The News Tribune

Back to Regular Story Page     
Noted chemist will help guide UWT Urban Waters project
Last updated: January 27th, 2008 08:30 AM (PST)

The University of Washington Tacoma’s newest go-to guy has arrived. He is professor Joel Baker, hired brain, or scientific director, of Urban Waters, future think tank and centerpiece of UW Tacoma’s planned Center for Urban Waters, a $40 million Foss Waterway project.

Officially, Baker, 48, is the first appointment to the Port of Tacoma chair in environmental science, a position supported by a $3 million endowment.

That might seem like a pile of money, but the income earned annually won’t go far beyond Baker’s annual salary.

Even so, Baker said the backing will “prime the pump,” making it easier for him to drum up the resources to hire graduate students to carry out the research.

An environmental chemist, Baker landed at UWT earlier this month after 20 years at the University of Maryland, where his laboratory’s research focused on human-made organic chemicals.

“His specialty is really how do chemicals move through ecosystems,” said Tracy Collier, an aquatic toxicologist and environmental conservation division director of the Northwest Fisheries Science Center in Seattle.

In Maryland, Baker worked in a laboratory on Chesapeake Bay, where complicated cleanup efforts have dragged on for years.
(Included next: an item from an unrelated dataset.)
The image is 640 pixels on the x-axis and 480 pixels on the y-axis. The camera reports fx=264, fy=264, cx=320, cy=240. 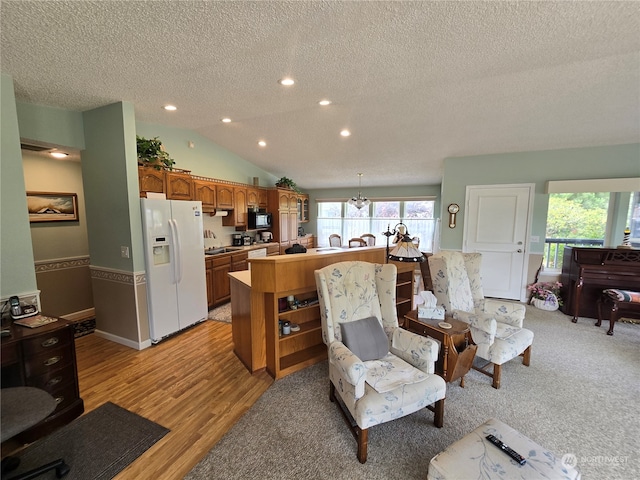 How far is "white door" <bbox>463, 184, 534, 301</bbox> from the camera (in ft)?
14.6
He and his students helped analyze the bay’s problems.

Baker also has done research on the Great Lakes and has lent his expertise to efforts to assess pollution in New York Harbor and in Europe, among other places.

At its peak, Baker said, his Maryland laboratory shouldered multiple research contracts generating between $2 million and $3 million in annual revenue. The money covered multiple faculty-level salaries, plus grad student stipends.
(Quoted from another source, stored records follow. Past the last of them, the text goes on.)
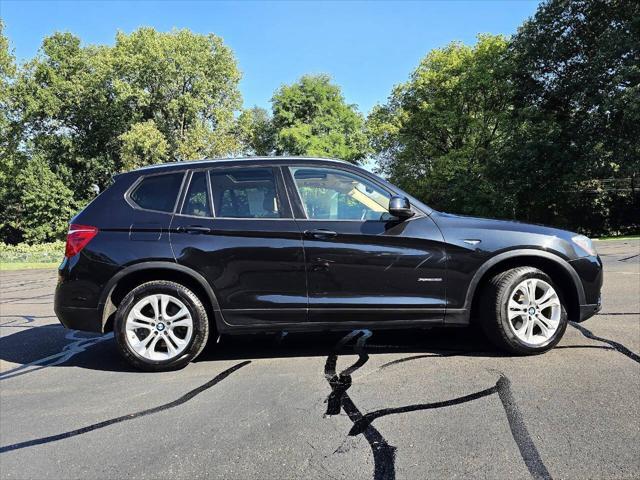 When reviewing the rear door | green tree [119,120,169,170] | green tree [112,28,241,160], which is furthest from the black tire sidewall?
green tree [112,28,241,160]

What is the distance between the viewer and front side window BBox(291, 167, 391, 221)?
4504 millimetres

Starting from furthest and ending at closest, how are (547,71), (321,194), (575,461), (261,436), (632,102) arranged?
1. (547,71)
2. (632,102)
3. (321,194)
4. (261,436)
5. (575,461)

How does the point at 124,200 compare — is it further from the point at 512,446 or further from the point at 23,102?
the point at 23,102

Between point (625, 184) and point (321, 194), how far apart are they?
1276 inches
Whether Urban Waters attracts that much support could depend on Baker’s abilities as a rainmaker.

Cheryl Greengrove calls him “the designated hitter.” Greengrove is UW Tacoma’s interim director of interdisciplinary arts and sciences and chairwoman of the committee that hired Baker.

His job is to develop the UW Tacoma’s capacity for scientific research by focusing on problems of local interest, she said.

“It was tough to find a really good scientist who has collaborative people skills and is politically savvy,” said Greengrove, an oceanographer. “This is what makes him special.”

J.J. McCament, Urban Waters’ executive director, concurred.

“He had practical experience in working with communities to solve issues,” she said. “So much of what we need to do right now has to do with the policy end of things, bolstered by science.”

Collier said he came to know Baker as leader of a committee of eight scientists who evaluated a proposal to dredge the bottom of New York’s Hudson River, a Superfund site. The committee’s 2001 report concluded dredging would reduce the risks associated with PCBs, or polychlorinated biphenyls, a toxic industrial chemical that taints the sediment. Next year, General Electric Corp., the responsible party, is scheduled to begin dredging.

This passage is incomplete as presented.